221.1 The Get: Where Religious and Civil Law Blends

It is written in Deuteronomy 24: “If a man takes a wife and marries her, and if she becomes displeasing to him because he has found something indecent about her, he shall write her a certificate of divorce and give it to her and send her from his house. Once she has left his house, she may go and marry another man.” The delivery of this document, called a “get” in Aramaic, is what makes the divorce effective, unlike a civil divorce, where a judge declares the marriage dissolved.

According to halakha, Jewish law, granting the “get” falls exclusively to the husband. The wife, on the other hand, cannot ask for a divorce; at most, she can ask a rabbinical court to request that her husband grant her the get, but the husband cannot force her. Halakha states that the get must be granted freely; It is only valid when given and received voluntarily; if any kind of coercion is involved, it is void.

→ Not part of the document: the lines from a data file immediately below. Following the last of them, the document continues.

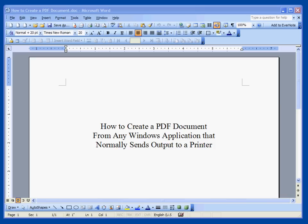This is a training video on how to create a PDF document from any Windows application that normally sends output to a printer.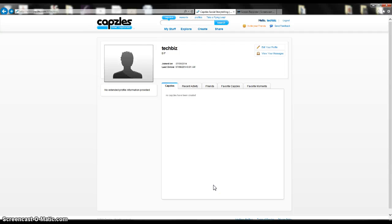Hello, everybody. This is a tutorial for an online Web 2.0 application known as Capzles. Capzles is an online timeline creating application, and it can be used for a lot of different ways.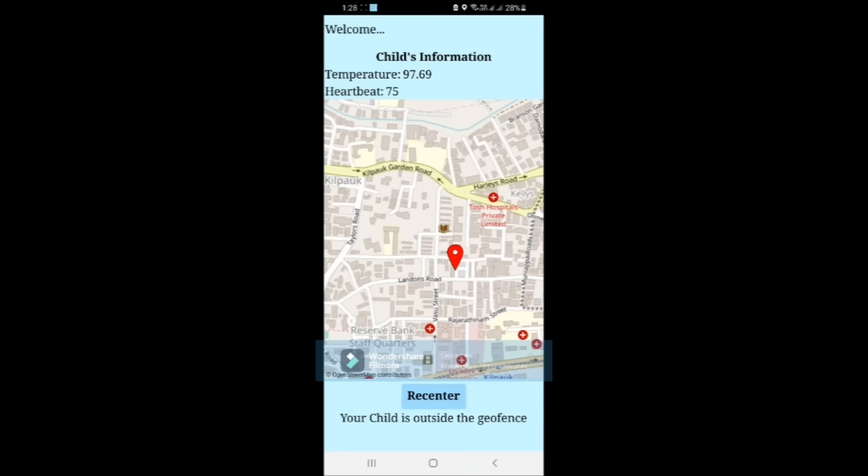If the child leaves the geofence, the parent gets notified immediately.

Originally, the wife’s consent was not required for the husband to divorce her. This changed approximately 1,000 years ago when Rabbi Gershom decreed that a man could not divorce without his wife’s approval. However, the halachic rule that gives the husband the power of divorce has led to problematic situations, such as the case of the «agunah» woman, literally «bound,» who is one who cannot marry because she has not obtained a get, either because her husband refuses to grant it or because she has disappeared, for example, in combat or in an accident, and her death cannot be reliably certified.

Different movements within Judaism have responded differently to the unequal treatment of women in the case of divorce by halacha. Modern Orthodox Judaism considers the get essential, but has found a mechanism to remedy this difference: the prenuptial agreement. In it, both parties agree to submit to a rabbinical arbitration court, and the husband agrees to pay his wife a predetermined amount daily until the divorce is finalized. This document was drafted jointly by Rabbi Mordechai Willig of Yeshiva University in New York and Rabbi Zalman Nechemia Goldberg of the Jerusalem rabbinical court.

For its part, the Conservative movement also requires the traditional get, but in cases where the husband flatly refuses to provide it, a special rabbinical court can declare «hafkaat kiddushin,» the dissolution of the marriage, thus freeing the wife. The Reform and Reconstructionist movements have eliminated the get requirement and accept a divorce decreed by a civil court as valid for religious purposes. In Israel, divorce is much more complicated, as there are two parallel courts authorized to hear divorce cases between Jewish couples: the Rabbinical Court and the Family Court. Although Israeli law originally gave the rabbinical court jurisdiction over divorce, new laws enacted by the Israeli parliament encouraged these courts to impose sanctions on spouses who refused to grant a get. Thus, the religious and civil spheres became intertwined.

By Marcos Gojman.

Bibliography: Encyclopaedia Judaica and other sources.